With Bitcoin, for example, a smart malicious actor could infiltrate the Core development team and through their social capital make certain malicious pull requests get merged. This way, if the chain ever splits (let's say, due to a bug you planted), you can actually also influence miners to hop onto a minor chain without you ever owning any hashing power!

To see how this is done, look at the 2013 Bitcoin fork and see how a couple developers steered large miners away from the majority chain: https://freedom-to-tinker.com/2015/07/28/analyzing-the-2013-...

The only counter-argument to this is how code reviews should catch this, but history has clearly shown that bugs (including supply-inflation-causing ones) make it into cryptocurrencies all the time: https://en.bitcoin.it/wiki/Common_Vulnerabilities_and_Exposu...

Hash Rate is security theatre.

1 comments

The double spend is only possible against specific counter-party, for example an exchange or a merchant.

For very large value transfers exchanges are expected to wait for 100 confirmations (~17 hours) until they credit balance.

It's all probabilistic.

Finally, Bitcoin PoW is not security theatre, it is just one piece of the complex security system.

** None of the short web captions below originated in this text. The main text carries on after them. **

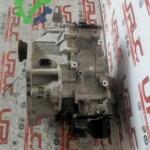 Audi A3 Şanzıman Komple 0CG301103B Sökme Çıkma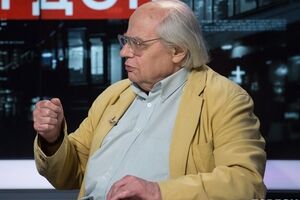 Иван Драч: Дело определяет все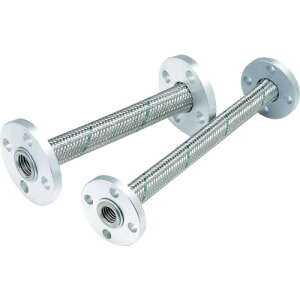 �g�[�t�� �t�����W���n�ڌ^�t���L 10K SS400 25AX500L TF-48025-500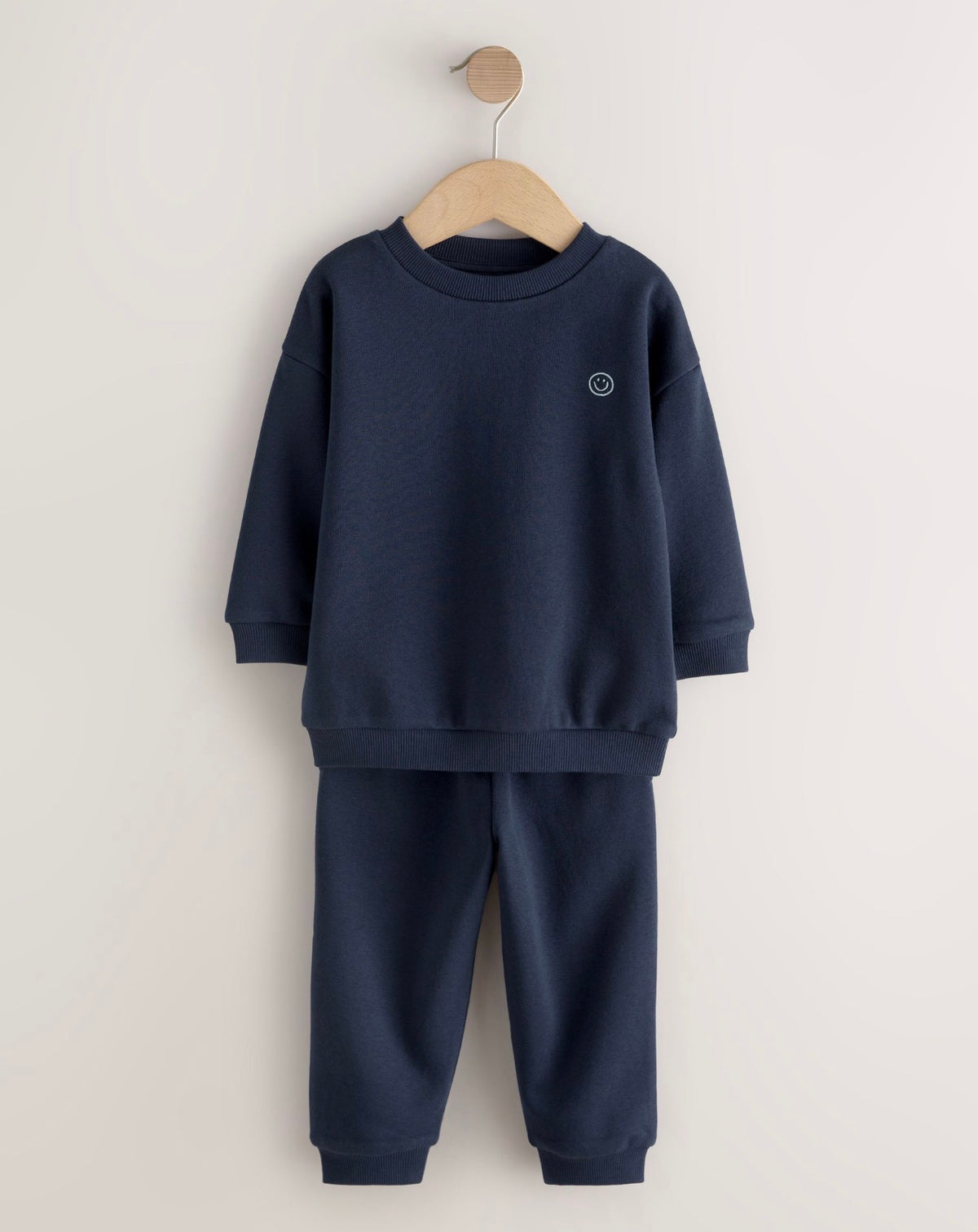 Next 2-Pieces Set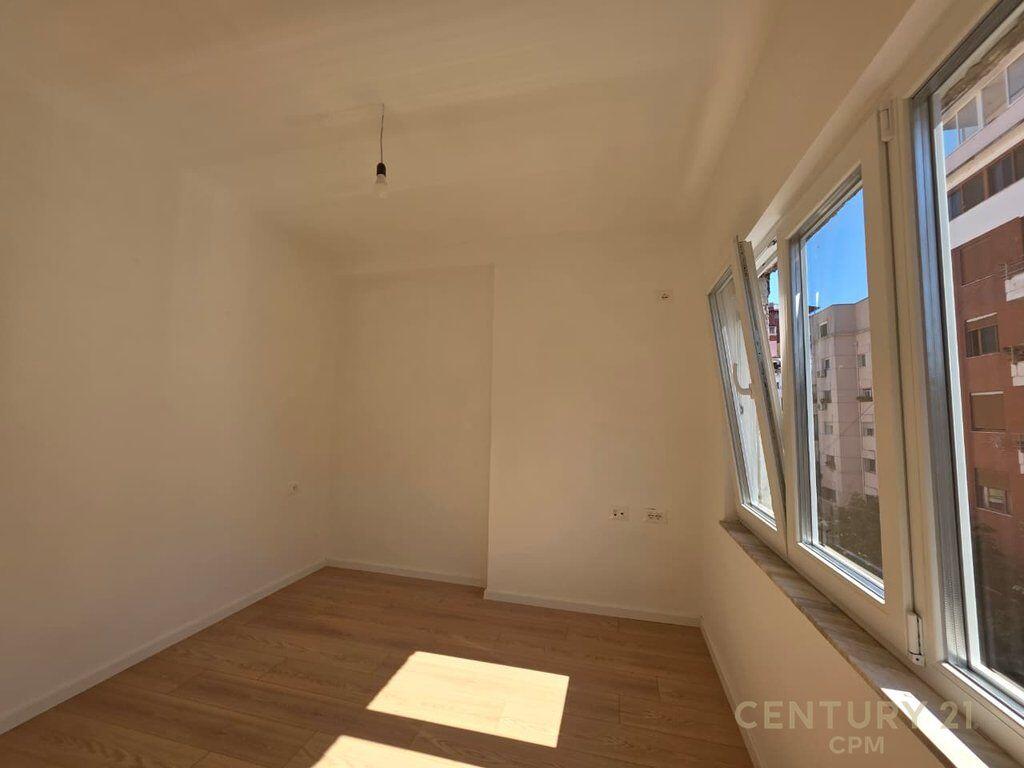Shitet Apartament 1+1 – Rr. Margarita Tutulani (pranë Rrugës së Kosovarëve)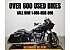 2020 Harley-Davidson Touring Road Glide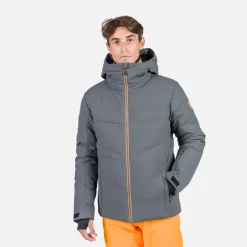 Men's Siz Ski Jacket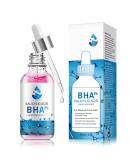 Buy Salicylic Acid 2% Serum - Acne Treatment & Pore Minimizer | Clear Skin Solution 1 FL OZ - Buy Online on SooperMarket.com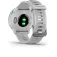 Garmin Forerunner 55 klocka refurbished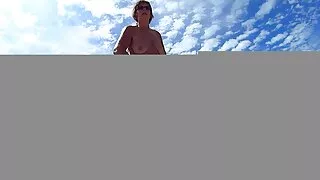 러시아 창녀 porn 여자 모스크바에서 있는 미국의 수탉이 그녀의 음부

The most recent bug (that we know of) that allowed double-spend was in production for over a year [0] (~Sept 2017 to ~Sept 2018). I don't think it is possible to accurately determine the probability of this bug being exploited (because you are right, it is "all probabilistic"), but this inability to determine the probabilities is precisely why PoW is security theatre. PoW has always been painted as a mathematical model of the security of the system (see featured article), but in reality this model is not accounting for the much more realistic attack vectors. Hence it fails to be an accurate model.

If you're just saying that PoW isn't painting the whole picture, I agree with you.